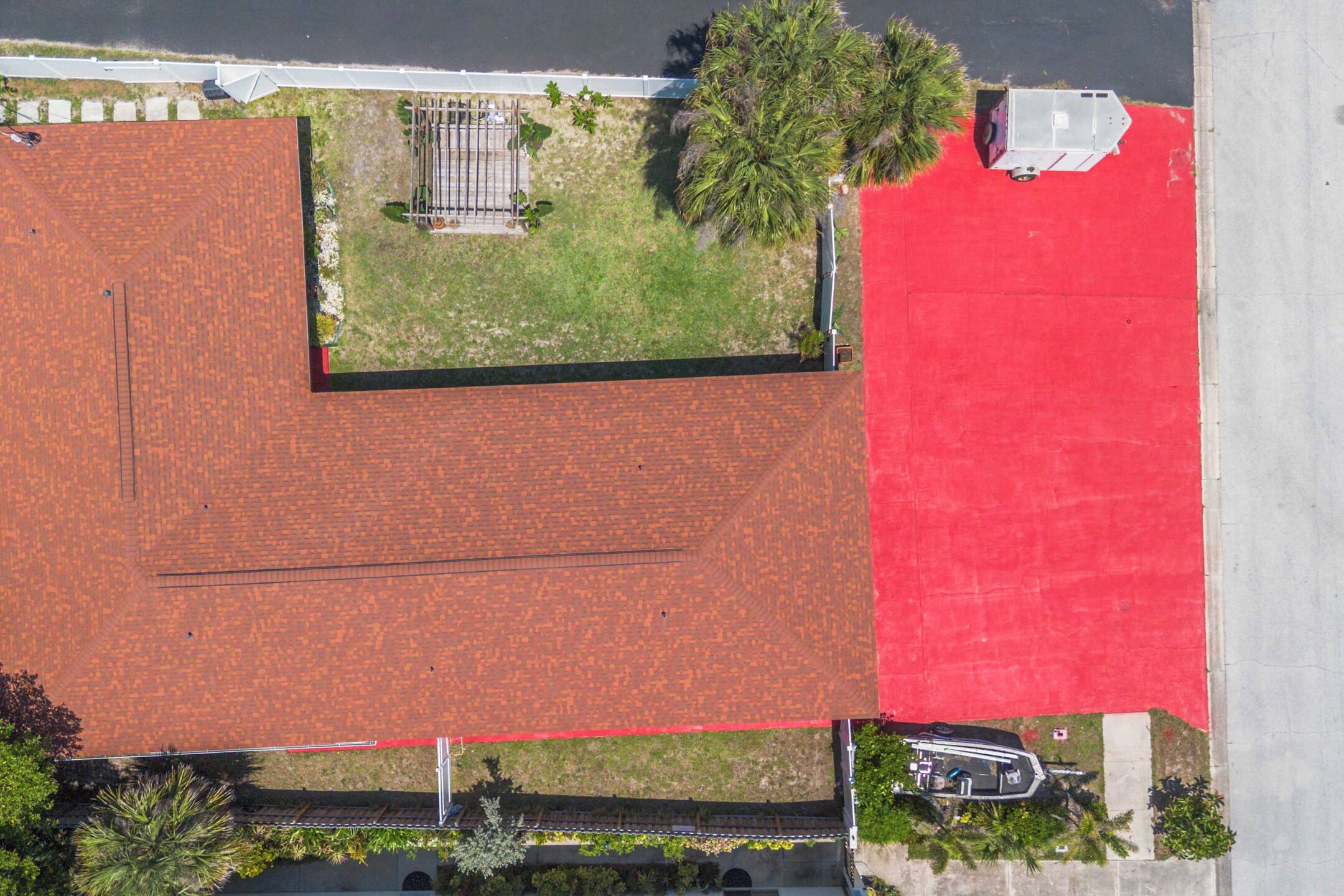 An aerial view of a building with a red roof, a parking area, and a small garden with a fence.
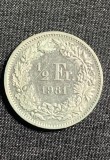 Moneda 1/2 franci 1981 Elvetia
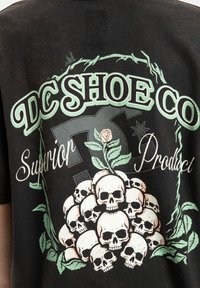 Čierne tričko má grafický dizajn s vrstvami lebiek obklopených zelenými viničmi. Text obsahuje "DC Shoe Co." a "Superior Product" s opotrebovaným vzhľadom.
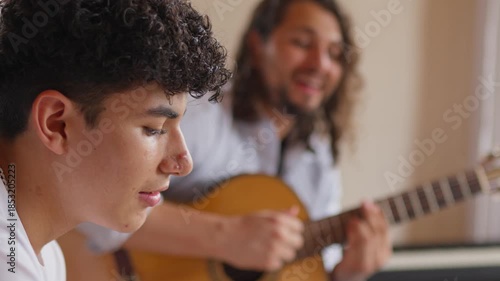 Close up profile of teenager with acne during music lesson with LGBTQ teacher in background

---

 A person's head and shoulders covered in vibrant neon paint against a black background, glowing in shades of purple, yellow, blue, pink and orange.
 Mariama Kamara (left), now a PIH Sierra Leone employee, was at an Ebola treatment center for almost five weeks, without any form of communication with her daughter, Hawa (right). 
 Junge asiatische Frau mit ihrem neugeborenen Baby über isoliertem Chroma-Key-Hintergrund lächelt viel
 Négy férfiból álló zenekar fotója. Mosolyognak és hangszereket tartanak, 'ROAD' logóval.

---

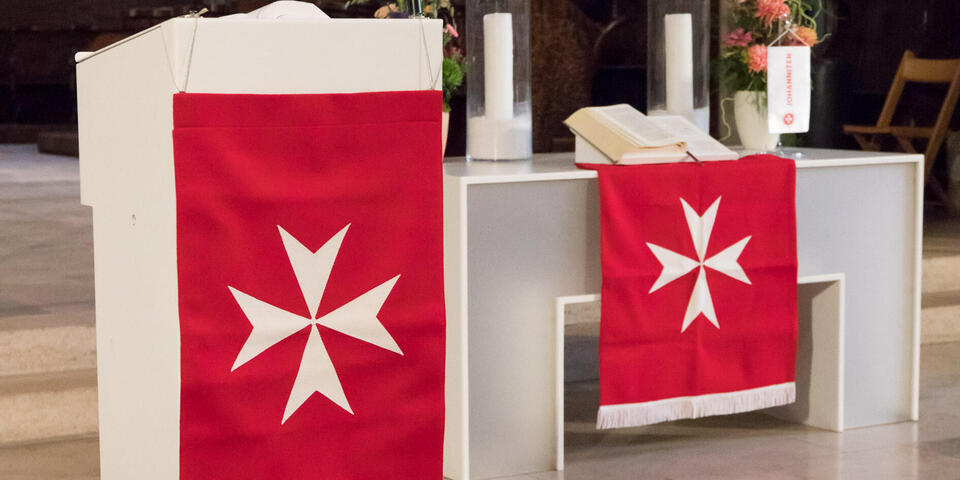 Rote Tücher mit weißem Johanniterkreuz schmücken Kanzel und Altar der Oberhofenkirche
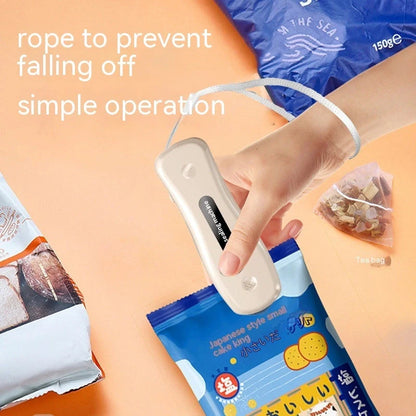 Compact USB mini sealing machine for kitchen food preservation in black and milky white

• [Exercise objective] Look above for the line with "Moneda 1/2 franci 1981 Elvetia" and the line with "Close up profile". Copy them and every line between, exactly, but no pictures.

• [Task solution]
 Moneda 1/2 franci 1981 Elvetia
 Čierne tričko má grafický dizajn s vrstvami lebiek obklopených zelenými viničmi. Text obsahuje "DC Shoe Co." a "Superior Product" s opotrebovaným vzhľadom.
 Close up profile of teenager with acne during music lesson with LGBTQ teacher in background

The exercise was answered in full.